3D-printed vermiculite and alumina samples. IMAGE © Thermal energy storage behaviour of 3D ceramic:molten salt structures under real concentrated solar radiation.
Researchers collaborating between ICV-CSIC in Spain and at the Odeillo solar furnace in France have devised a novel way to maximize thermal energy storage in Concentrated Solar Power (CSP) plants.
They wanted to encapsulate the maximum amount of the molten salts used in CSP storage within a custom 3D-printed ceramic lattice. Their idea is to try out different less corrosive materials like ceramics and to increase their porosity by 3D-printing them to spec. The team has now tested a prototype on-sun to show that it worked.
The team tested two ceramics, vermiculite and alumina, infiltrated with two phas-changing materials (PCM), sodium nitrate (NaNO3) and solar salt, a mixture of sodium nitrate and potassium nitrate (KNO3), typically used in today’s Tower CSP. The ceramic parts infiltrated with molten salts exhibited good thermal energy storage performance while ensuring corrosion resistance.
These hot molten salts liquids reach temperatures of up to 565°C. They are typically stored in large metal tanks, supplying stored solar energy that powers the solar thermal power plant, enabling solar generation even after dark. But the molten salts are very corrosive to metals.

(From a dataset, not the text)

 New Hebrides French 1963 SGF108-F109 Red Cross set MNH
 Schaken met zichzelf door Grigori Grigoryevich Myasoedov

Why not insert a ceramic, and control its porosity by 3D-printing it?
The idea was to see if 3D-printing these ceramic materials – making them super-porous – could better work to contain the hot liquid in the thermal energy storage containers. They would need to see how well the extra porosity of these 3D-printed ceramics, which allow large amounts of PCM, enhances their ability to store and release heat under real solar conditions.
SolarPACES spoke with Irene Díaz-Herrezuelo, now a postdoctoral researcher at IMDEA, about their recently published findings, Thermal energy storage behaviour of 3D ceramic:molten salt structures under real concentrated solar radiation.

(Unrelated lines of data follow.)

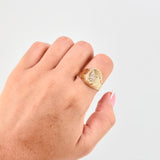Anillo Marco Circular Aguila 3.7gr / T9 3/4 / Dos Oros Amarillo Blanco 18K *
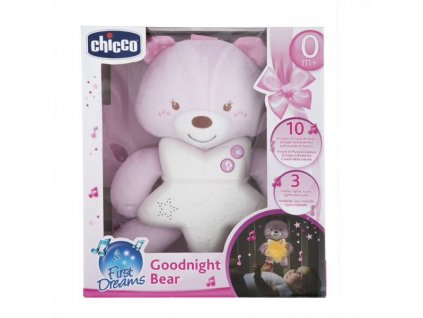 Chicco Goodnight bear svítící medvídek růžový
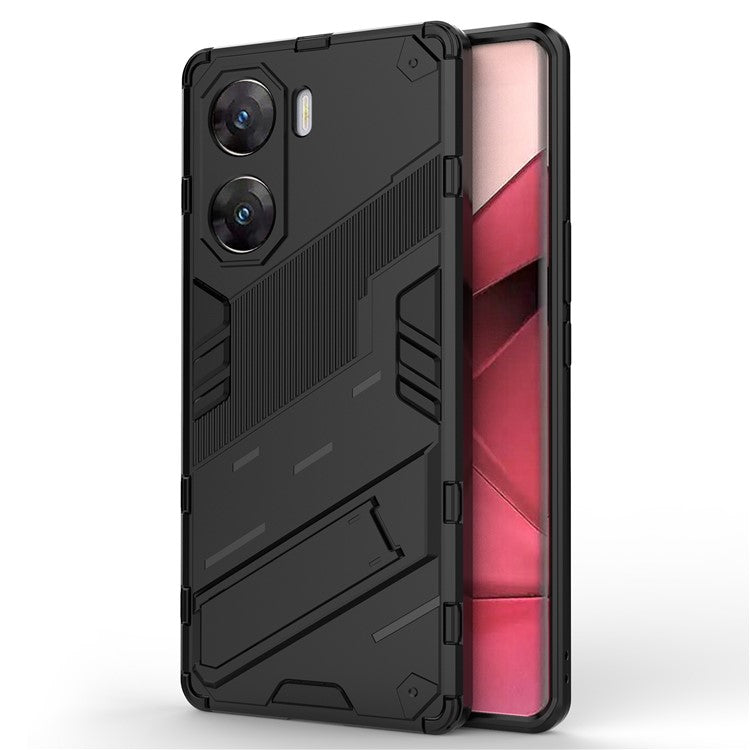 For vivo V29e (India) 5G Case Kickstand PC+TPU Phone Back Cover - Black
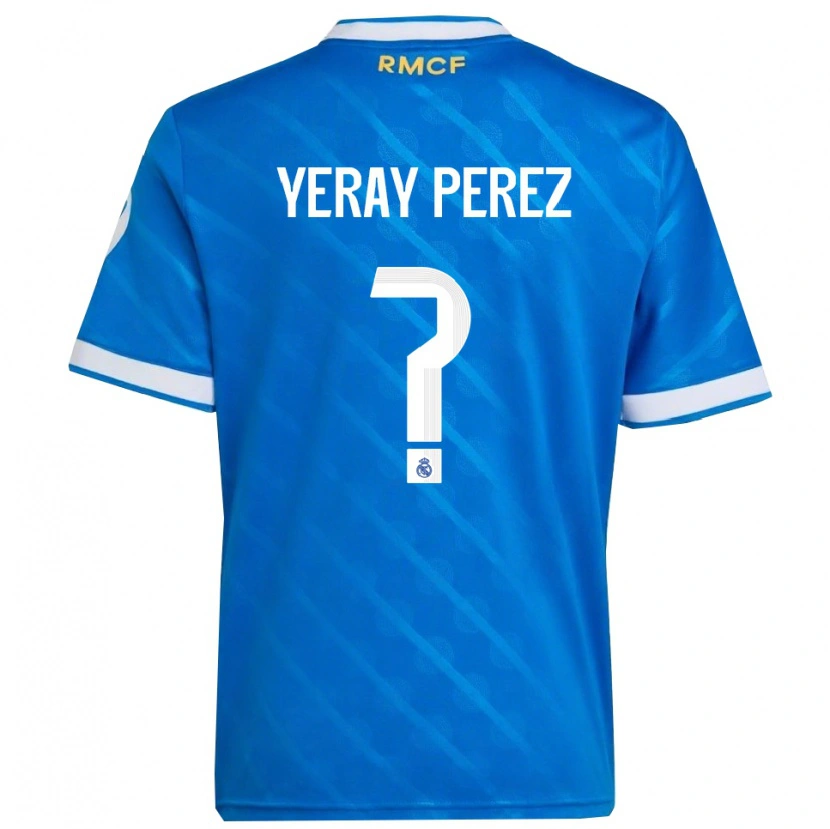 Danxen Pánské Yeray Perez #0 Modrá Bílá Třetí Hráčské Dresy 2025/26 Dres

“This is the first time 3D printed ceramic structures infiltrated with the PCM have been tested under real concentrated solar radiation,” she noted.
“In the past, they validated foams and other composites, but not with 3D-printed materials combined with the molten salts in use today. So we are the first. The main goal is to avoid using metal containers for molten salts in thermal energy storage systems. Nitrate salts are very corrosive to metals. Using porous ceramics solves that problem, and they are also thermally and chemically stable. The high porosity of these ceramic structures allows them to hold a large volume of liquid salts and retain their heat during thermal cycling. The idea is that the salt inside the porous ceramic structure absorbs heat, and releases it when required, like when clouds pass, helping to provide a stable energy supply.”
Why test on-sun
Of course, the sun doesn’t shine down into the thermal energy storage tank where the porous structures would be.

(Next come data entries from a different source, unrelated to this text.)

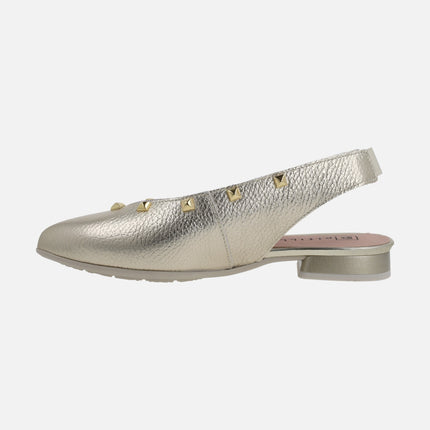 Leather slingback ballerinas with gold studs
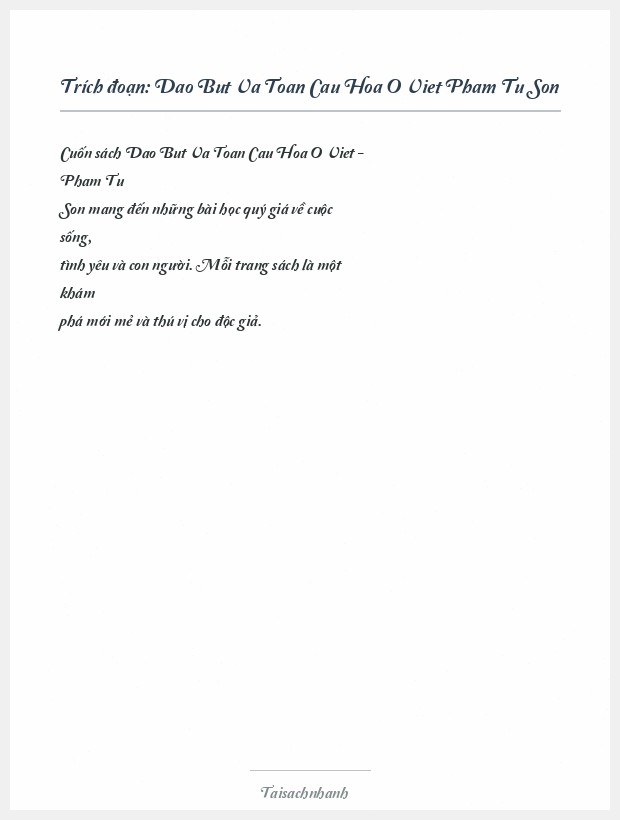 Trích đoạn Dao But Va Toan Cau Hoa O Viet Pham Tu Son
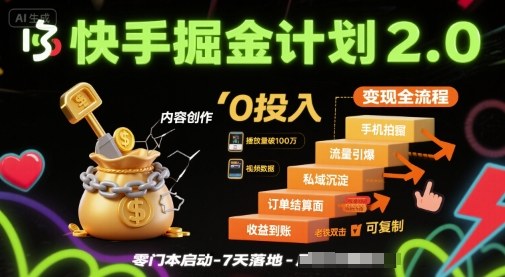 快手掘金计划2.0，快手电商变现全流程，简单可复制，0投入-网创之家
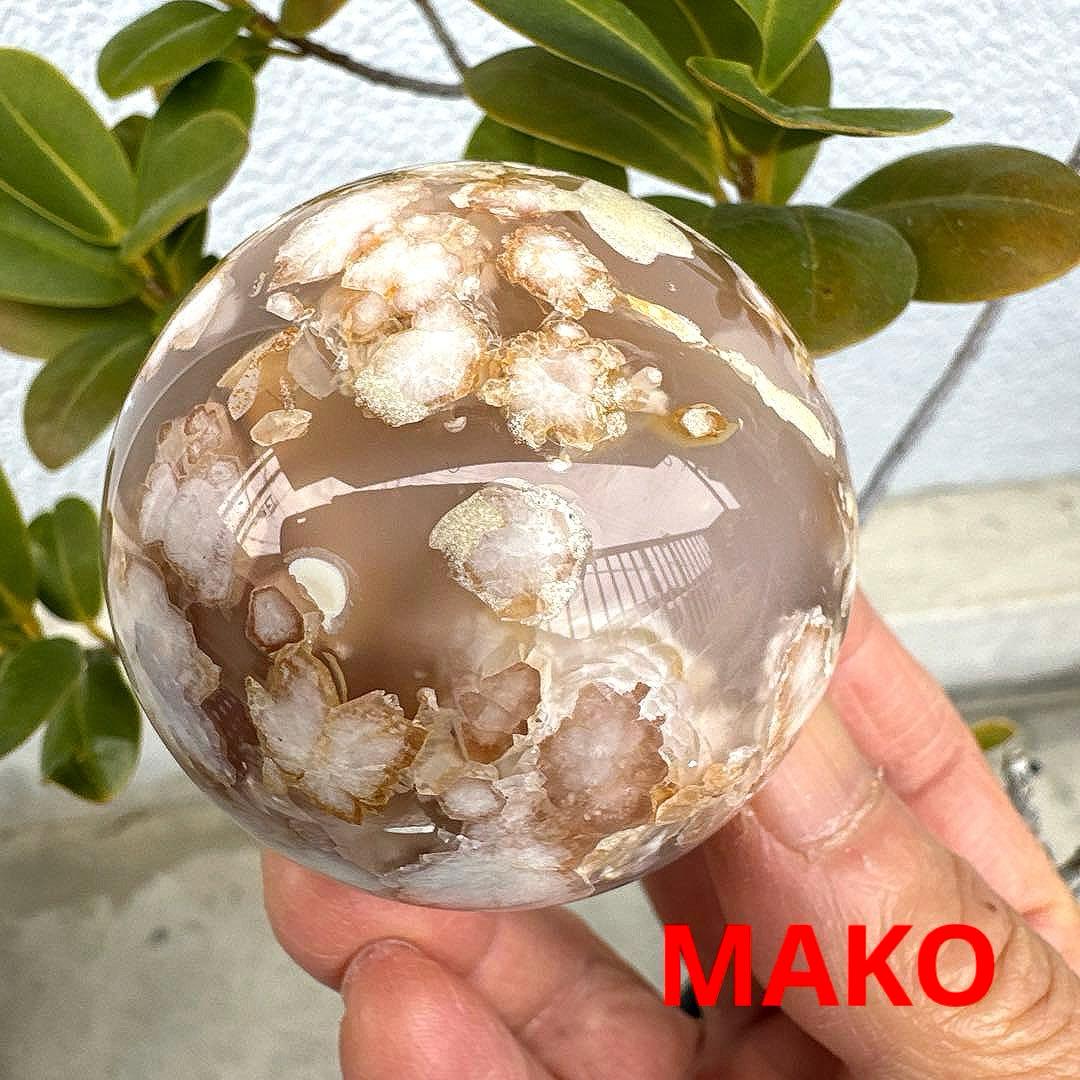 M1936☆桜瑪瑙丸玉60mm☆天然石　原石☆N40401-F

How solar thermal energy storage works with concentrated solar
Still, the sun heats the liquid salts in the solar receiver on the tower, and when that heated liquid feeds down into the storage tank, the heat will be absorbed by the porous 3-D printed ceramic structure.
By doing the test in real sunlight, they can see how aspects like solar absorptance, thermal emittance, heat transfer, and energy conversion efficiency behave in realistic, dynamic environments, which you can’t get in lab bench tests under simulated sunlight. The on-sun test ensures the materials can withstand the real-time thermal cycling and solar flux expected in commercial CSP plants.
“We tested how the ceramic structures infiltrated with nitrate salts behaved under real solar radiation, how much these 3D-printed structures can absorb and release heat,” she said.
The advantage of 3D-printing the ceramics
These ceramics already have high thermal, corrosion, and mechanical resistance,” said Díaz-Herrezuelo.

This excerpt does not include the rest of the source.